A season of letting go…and taking in

Lent.

Lent is intended to resurrect our joy. Lent originally meant "springtime": the word comes from the Old English word for "spring," lencten, which came from lengan, "to make longer"—reminding us that the slow, wonderful lengthening of this season in our souls can signal an end to a winter of bitterness and the flowering of Christ's love in us.

For me this is a season in my faith that challenges me to let go of things that may be hindering my relationship with God, my own wellness, my growth. But I also like to make this a time to draw new things in…To replace what hinders me with what can enrich me, or free me.

So this lent season i have decided to let go of spending time on facebook and sugar. Facebook tends to be a superficial means for me to connect with others. It usually sucks up time and is just media noise in my life. So I’m taking a break…and when I feel the urge to check out people’s statuses I’ll give them a call or even write them a letter. To engage with my real friends (and not the 600+ I’ve accumulated).




Sugar is the source of cravings all day long. Already I’m craving something sweet as I write this, a little pick-me up as I’m hitting the 2 o’clock afternoon slump. I struggle with headaches, lack of energy, struggle with sleep. So I need a sugar detox. No candy, cookies, ice cream, cream/sugar for my coffee, chocolate…I am hopeful to not be as dependant on sugar to sustain me but to develop new healthy habits. To be more conscious and intentional about my eating.

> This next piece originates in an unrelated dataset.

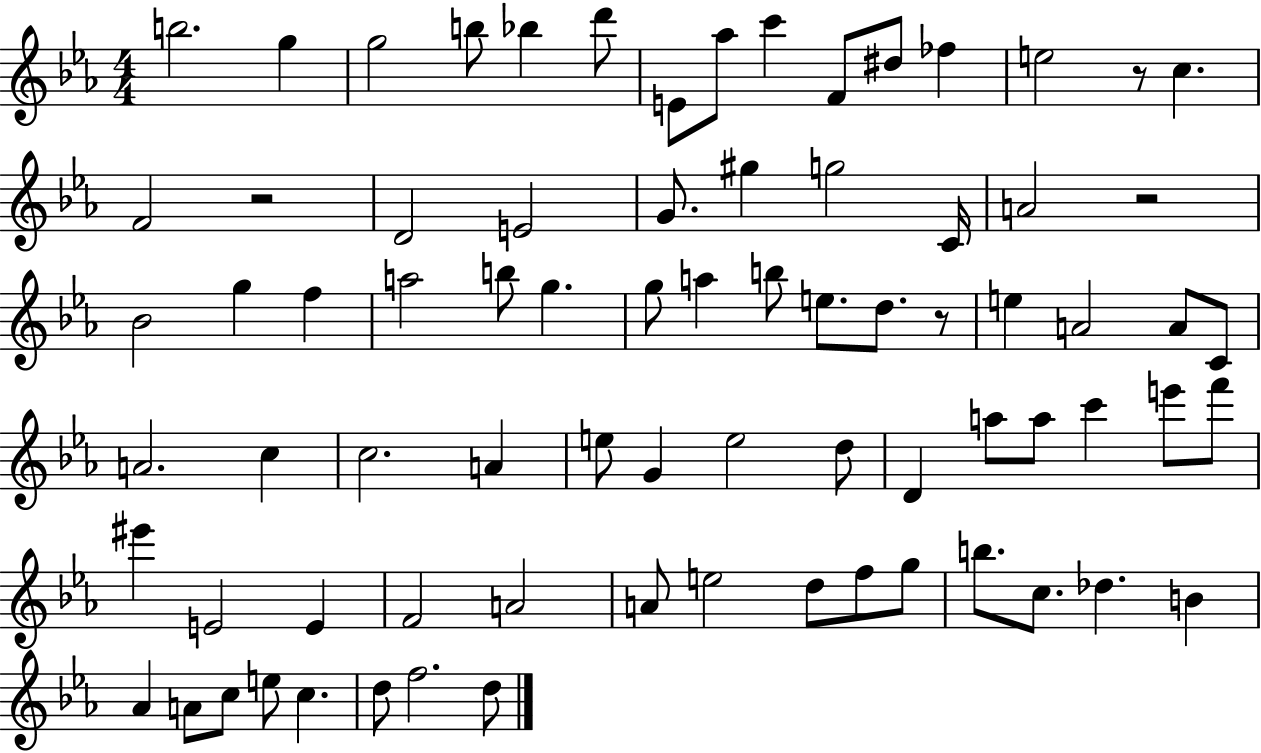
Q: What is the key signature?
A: EES major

It’s funny how when you choose to fast from something you’re attention on that item increases significantly. It seems like all I can notice today are all the sugar items at my office. A box of valentines day cookies coated in red sugar are taunting me, and I don’t even like these cookies. But because I can’t have them I want them!

I did indulge in one last taste of sugar this morning at my favorite breakfast spot, the Cheri Inn. Their cinnamon french toast is delightful…I savored every bite. It felt like a treat, like an experience to have such a rich, sugary dish. And I believed I enjoyed it more than most other times where I just eat it.

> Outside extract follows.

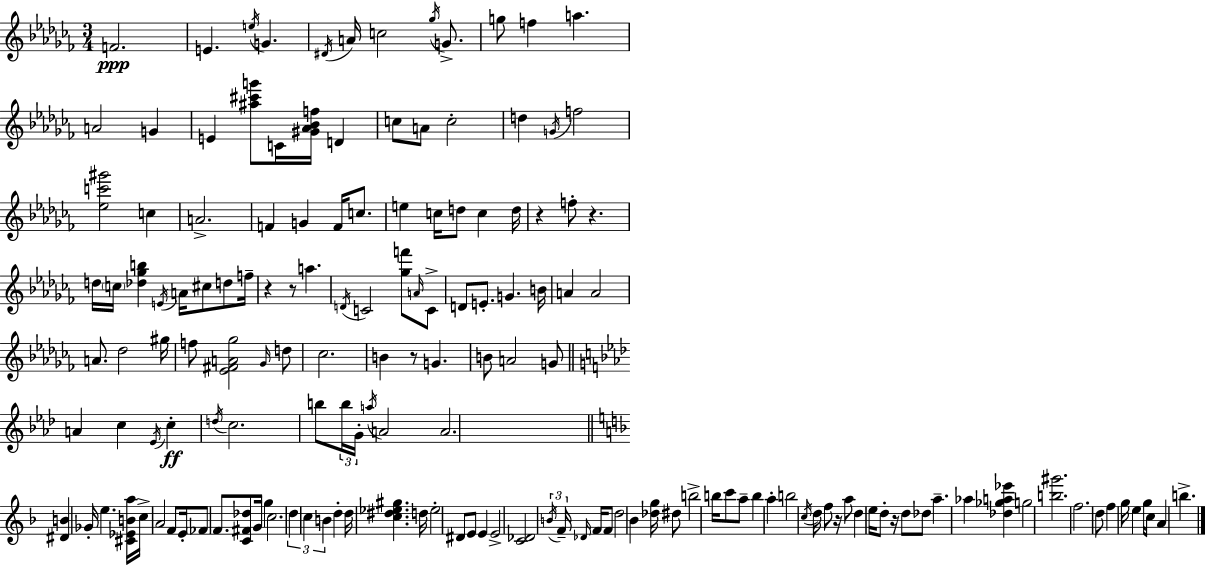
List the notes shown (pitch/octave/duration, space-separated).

I hope by eliminating these tangible things that deeper needs will be revealed and I can address where I need to grow. To confront my anxieties and fears. To bring my laments to God as I continue to face new grief ripples (the secondary losses from mike’s death…)

I will do my best to journal and share with you this process. I think to make the most of this lent season I need to put to words the challenges, blessings, insights, questions that emerge…

1 comment:

Gail said...

Good luck sweetie!!! Try snacking on fruits (dried and fresh) to get a bit of that sugar fix you're craving.

I admire you for giving up both these things!!!